In the Years of 1908-1914

Translated by Gloria Berkenstat Freund

 

ה    E

The Two Newspapers of Bialystok

 

After the socialist storm in the years 1900-1907, among Bialystok society, a small group was established of [diploma-holding members of the]

[Page 146]

intelligentsia who were [adherents] of socialism and anti-nationalists. The group had a certain influence in the city and published a Russian newspaper. It should be understood that it did not think about the wide strata of people, only of the intelligentsia and the young.

At the end of 1909 a society Bialystokskoje Izdatelskoje Tovarishchestvo (Bialystok Publishing Company) was founded. S.L. WEINREICH, E.W. DAWIDOWSKI and F.D. NOWAK stood at its head.
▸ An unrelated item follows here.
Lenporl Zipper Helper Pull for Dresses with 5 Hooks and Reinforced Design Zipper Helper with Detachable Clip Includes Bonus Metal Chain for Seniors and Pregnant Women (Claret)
On the 1st of January, the society began to publish a daily newspaper, Bialystokskoje Gezeta [Bialystok Gazette]. The editor was Y.S. ZELIGMAN. On the 6th of May 1910 it closed because the newspaper suffered from a scarcity of money and could not sustain the many fines the regime placed on it.
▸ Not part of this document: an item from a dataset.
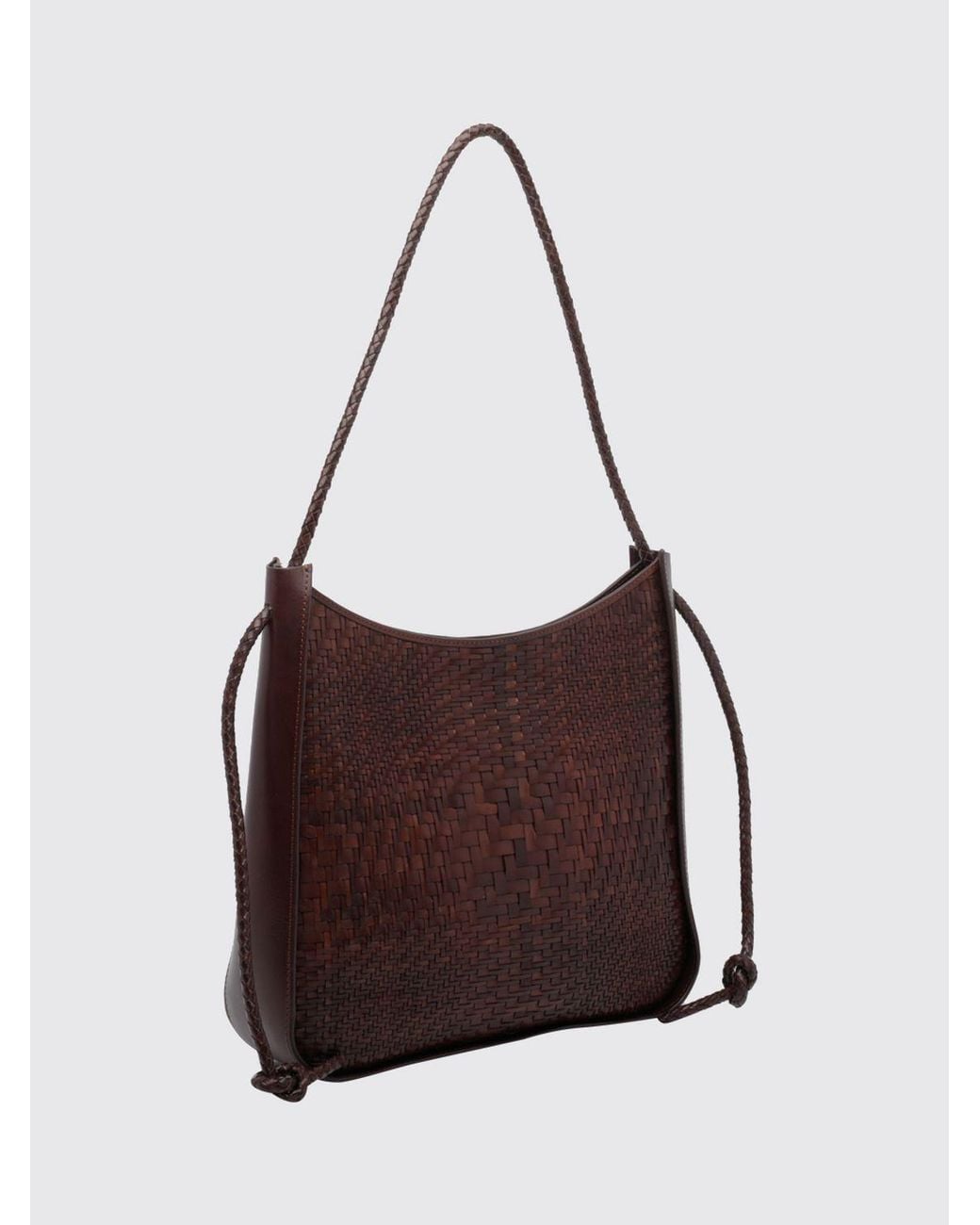 Dragon Diffusion Brown Woven Leather Tote Bag With Single Handle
Two months later, on the 6th of July, the same editor began to publish the Golos Bielostoka [Voice of Bialystok]. The newspaper, of course, outwardly brought profits, defending Jews against the attack of the Russian anti-Semitic newspapers in Bialystok. However, its influence internally was harmful because it brought in assimilationist Russian leanings.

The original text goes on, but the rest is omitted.